* **Work required**:
In the entries that follow, the line with "The short answer" opens the range and the line with "Hey, welcome to" closes it; repeat that range exactly, both lines included.

* **Provided information**:
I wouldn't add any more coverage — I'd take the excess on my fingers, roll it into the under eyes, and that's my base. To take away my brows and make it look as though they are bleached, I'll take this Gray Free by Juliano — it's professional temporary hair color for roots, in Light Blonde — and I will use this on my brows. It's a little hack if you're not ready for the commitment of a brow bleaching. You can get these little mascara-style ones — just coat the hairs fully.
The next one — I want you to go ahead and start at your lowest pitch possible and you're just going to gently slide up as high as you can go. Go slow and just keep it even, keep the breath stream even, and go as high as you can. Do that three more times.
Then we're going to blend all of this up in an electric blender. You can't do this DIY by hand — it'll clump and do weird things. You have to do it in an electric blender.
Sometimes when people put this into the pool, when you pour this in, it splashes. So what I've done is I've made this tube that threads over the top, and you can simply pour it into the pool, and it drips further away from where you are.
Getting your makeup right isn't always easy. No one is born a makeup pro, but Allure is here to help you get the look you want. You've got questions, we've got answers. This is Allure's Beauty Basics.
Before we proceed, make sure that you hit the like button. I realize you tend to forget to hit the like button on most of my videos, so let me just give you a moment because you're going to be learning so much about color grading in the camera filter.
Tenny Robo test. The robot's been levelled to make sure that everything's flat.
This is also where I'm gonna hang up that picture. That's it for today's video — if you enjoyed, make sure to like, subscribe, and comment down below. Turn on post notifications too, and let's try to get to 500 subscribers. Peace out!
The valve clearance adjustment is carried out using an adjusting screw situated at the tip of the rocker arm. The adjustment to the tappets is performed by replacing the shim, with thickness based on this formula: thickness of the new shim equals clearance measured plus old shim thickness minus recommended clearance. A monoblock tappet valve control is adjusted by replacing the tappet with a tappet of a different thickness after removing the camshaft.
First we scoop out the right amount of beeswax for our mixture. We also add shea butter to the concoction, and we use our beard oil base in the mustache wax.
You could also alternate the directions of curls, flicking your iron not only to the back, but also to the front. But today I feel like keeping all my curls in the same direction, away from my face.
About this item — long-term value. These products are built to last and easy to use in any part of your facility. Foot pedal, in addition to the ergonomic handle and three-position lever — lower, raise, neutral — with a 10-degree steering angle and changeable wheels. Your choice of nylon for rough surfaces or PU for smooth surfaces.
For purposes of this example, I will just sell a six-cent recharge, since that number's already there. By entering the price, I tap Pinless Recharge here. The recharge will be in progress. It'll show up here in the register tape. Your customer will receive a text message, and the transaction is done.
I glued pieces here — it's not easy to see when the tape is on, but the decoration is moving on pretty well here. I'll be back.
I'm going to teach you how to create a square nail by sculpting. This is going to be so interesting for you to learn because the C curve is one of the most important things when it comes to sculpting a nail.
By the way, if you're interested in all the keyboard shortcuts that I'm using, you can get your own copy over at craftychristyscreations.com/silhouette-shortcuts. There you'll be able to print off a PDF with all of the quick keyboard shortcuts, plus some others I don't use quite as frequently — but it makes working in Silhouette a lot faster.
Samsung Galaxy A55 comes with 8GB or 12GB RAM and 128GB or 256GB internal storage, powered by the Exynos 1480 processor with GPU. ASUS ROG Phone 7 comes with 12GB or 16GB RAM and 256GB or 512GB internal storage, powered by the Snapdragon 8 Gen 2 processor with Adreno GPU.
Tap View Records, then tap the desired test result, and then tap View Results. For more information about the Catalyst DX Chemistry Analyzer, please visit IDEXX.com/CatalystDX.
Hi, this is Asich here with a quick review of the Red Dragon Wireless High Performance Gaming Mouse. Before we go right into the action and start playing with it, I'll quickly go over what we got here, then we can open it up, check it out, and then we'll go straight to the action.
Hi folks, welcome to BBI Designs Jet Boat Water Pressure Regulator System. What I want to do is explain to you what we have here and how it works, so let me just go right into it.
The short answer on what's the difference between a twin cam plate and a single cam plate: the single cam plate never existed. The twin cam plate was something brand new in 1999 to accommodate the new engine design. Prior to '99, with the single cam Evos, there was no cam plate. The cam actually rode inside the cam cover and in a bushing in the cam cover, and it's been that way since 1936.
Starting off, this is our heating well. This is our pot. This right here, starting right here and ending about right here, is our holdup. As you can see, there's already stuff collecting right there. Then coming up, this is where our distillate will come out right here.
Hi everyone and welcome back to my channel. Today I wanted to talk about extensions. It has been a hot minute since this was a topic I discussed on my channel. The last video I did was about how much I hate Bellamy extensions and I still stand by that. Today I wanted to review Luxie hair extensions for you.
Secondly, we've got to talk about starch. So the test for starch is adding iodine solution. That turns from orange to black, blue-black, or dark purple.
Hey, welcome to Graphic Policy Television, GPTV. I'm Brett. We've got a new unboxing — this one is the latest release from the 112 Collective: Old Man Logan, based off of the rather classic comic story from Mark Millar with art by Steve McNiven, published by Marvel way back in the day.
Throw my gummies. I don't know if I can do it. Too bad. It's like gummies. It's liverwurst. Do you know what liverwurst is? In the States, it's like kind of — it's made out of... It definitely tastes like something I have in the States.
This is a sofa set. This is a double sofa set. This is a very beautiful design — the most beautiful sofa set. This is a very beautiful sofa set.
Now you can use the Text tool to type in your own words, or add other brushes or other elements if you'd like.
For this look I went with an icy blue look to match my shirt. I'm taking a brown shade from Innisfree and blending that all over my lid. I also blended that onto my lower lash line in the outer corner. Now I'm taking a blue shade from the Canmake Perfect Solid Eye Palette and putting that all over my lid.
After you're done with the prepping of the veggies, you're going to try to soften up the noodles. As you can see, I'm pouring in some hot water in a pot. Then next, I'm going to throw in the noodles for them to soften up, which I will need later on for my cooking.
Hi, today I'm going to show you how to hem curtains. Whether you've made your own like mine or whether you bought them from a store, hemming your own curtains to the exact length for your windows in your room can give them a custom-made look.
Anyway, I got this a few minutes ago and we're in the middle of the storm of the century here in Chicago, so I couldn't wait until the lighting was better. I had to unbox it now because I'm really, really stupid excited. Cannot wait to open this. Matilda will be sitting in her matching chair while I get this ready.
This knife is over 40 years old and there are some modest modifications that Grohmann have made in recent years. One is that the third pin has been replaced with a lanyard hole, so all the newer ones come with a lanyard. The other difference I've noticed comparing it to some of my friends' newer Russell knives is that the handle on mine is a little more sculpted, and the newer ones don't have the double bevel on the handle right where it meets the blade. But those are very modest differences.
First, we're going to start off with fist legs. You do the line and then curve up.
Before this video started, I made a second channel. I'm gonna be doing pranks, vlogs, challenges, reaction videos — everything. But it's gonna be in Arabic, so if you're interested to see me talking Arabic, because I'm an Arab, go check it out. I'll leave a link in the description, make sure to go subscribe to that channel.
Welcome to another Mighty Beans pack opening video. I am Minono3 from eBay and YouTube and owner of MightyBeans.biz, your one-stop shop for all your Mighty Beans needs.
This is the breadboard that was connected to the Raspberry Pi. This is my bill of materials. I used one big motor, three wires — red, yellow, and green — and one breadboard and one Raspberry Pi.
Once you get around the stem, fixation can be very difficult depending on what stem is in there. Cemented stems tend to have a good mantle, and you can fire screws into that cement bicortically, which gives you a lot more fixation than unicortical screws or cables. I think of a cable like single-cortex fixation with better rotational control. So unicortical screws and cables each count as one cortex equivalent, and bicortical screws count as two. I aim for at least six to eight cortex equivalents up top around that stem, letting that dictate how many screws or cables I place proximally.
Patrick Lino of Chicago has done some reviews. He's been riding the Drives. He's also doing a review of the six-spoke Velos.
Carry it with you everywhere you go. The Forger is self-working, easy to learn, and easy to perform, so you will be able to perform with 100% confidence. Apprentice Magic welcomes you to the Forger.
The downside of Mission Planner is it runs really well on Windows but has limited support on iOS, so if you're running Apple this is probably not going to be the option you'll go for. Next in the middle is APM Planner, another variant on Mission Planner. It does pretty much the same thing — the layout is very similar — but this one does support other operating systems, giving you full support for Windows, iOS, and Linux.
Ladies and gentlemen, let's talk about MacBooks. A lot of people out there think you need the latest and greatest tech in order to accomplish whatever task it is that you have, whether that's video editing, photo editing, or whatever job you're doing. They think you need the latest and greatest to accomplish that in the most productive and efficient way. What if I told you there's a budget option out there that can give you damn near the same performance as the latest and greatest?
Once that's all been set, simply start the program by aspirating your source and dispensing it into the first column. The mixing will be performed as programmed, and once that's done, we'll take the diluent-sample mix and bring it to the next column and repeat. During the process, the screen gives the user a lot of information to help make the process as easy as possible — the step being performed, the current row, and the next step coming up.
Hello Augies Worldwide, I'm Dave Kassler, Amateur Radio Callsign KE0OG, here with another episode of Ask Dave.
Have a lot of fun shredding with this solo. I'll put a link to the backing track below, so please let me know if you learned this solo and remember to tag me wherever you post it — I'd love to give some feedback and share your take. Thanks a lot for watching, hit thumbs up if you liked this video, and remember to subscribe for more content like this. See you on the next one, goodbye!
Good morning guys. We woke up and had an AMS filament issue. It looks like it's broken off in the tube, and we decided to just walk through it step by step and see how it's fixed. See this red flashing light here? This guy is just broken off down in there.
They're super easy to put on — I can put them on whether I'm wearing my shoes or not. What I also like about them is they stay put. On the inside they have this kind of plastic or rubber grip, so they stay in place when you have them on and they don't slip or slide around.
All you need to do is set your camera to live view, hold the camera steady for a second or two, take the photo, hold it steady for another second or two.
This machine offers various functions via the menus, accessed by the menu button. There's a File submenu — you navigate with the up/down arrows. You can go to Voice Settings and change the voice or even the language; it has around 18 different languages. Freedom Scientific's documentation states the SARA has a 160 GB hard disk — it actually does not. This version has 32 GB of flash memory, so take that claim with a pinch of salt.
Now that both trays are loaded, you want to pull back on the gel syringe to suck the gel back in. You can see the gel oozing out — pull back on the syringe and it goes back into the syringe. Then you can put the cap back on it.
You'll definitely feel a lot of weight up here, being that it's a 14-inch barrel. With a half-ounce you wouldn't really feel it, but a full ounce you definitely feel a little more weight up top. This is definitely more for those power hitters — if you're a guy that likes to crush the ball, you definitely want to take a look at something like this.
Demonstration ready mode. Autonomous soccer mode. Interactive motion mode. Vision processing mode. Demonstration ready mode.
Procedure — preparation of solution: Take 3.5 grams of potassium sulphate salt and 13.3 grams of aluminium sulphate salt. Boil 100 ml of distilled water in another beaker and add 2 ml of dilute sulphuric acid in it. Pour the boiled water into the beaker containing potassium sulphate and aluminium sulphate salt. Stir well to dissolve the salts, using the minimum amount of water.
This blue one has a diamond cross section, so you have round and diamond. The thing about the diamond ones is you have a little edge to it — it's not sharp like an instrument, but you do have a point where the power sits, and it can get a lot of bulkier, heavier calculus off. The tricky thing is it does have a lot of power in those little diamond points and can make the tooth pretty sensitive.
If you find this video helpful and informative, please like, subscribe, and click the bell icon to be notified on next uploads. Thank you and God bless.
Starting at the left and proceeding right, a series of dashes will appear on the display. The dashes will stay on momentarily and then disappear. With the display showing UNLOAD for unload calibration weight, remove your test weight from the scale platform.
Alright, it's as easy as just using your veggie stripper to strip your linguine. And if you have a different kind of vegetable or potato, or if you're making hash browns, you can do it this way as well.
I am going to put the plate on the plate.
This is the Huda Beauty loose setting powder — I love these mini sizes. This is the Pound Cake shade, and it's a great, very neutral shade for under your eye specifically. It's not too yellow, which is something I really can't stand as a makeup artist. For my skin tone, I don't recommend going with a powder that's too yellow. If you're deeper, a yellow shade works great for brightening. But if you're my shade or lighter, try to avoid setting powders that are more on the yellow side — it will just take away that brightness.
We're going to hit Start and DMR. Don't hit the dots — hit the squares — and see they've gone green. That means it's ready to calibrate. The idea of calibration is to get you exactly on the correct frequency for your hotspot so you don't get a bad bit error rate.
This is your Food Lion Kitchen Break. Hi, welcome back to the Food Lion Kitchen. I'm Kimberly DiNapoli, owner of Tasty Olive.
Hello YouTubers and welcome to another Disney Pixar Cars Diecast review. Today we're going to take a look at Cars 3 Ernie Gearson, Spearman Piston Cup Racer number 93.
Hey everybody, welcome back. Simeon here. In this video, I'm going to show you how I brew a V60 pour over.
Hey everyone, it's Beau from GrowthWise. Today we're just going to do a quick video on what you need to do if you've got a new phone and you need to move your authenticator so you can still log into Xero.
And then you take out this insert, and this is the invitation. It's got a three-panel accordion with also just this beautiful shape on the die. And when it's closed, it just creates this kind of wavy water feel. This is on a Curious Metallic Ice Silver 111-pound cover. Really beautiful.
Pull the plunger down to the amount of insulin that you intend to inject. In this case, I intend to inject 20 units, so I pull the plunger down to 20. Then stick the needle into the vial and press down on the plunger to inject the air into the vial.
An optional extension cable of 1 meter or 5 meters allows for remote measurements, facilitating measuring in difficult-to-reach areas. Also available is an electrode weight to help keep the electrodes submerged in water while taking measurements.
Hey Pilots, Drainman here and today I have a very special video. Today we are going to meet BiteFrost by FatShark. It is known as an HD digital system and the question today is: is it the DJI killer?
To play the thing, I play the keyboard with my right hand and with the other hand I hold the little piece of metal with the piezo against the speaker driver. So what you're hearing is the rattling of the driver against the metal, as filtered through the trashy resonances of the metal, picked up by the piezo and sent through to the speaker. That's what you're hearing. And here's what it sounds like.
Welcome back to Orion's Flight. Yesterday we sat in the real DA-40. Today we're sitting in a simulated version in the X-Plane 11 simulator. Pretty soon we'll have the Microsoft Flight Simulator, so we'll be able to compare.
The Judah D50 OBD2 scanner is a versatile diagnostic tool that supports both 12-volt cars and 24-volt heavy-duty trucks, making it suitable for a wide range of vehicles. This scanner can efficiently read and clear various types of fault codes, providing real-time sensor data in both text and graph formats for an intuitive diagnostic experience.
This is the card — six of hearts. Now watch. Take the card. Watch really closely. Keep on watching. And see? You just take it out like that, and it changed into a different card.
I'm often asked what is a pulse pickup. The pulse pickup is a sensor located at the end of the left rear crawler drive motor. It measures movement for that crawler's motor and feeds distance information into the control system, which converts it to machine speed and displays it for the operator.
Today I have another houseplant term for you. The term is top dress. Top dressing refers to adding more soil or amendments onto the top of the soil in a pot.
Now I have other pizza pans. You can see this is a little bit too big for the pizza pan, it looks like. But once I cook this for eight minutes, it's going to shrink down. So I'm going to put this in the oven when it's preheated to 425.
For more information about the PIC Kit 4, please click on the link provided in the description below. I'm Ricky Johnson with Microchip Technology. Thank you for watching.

* **Answer to this problem**:
The short answer on what's the difference between a twin cam plate and a single cam plate: the single cam plate never existed. The twin cam plate was something brand new in 1999 to accommodate the new engine design. Prior to '99, with the single cam Evos, there was no cam plate. The cam actually rode inside the cam cover and in a bushing in the cam cover, and it's been that way since 1936.
Starting off, this is our heating well. This is our pot. This right here, starting right here and ending about right here, is our holdup. As you can see, there's already stuff collecting right there. Then coming up, this is where our distillate will come out right here.
Hi everyone and welcome back to my channel. Today I wanted to talk about extensions. It has been a hot minute since this was a topic I discussed on my channel. The last video I did was about how much I hate Bellamy extensions and I still stand by that. Today I wanted to review Luxie hair extensions for you.
Secondly, we've got to talk about starch. So the test for starch is adding iodine solution. That turns from orange to black, blue-black, or dark purple.
Hey, welcome to Graphic Policy Television, GPTV. I'm Brett. We've got a new unboxing — this one is the latest release from the 112 Collective: Old Man Logan, based off of the rather classic comic story from Mark Millar with art by Steve McNiven, published by Marvel way back in the day.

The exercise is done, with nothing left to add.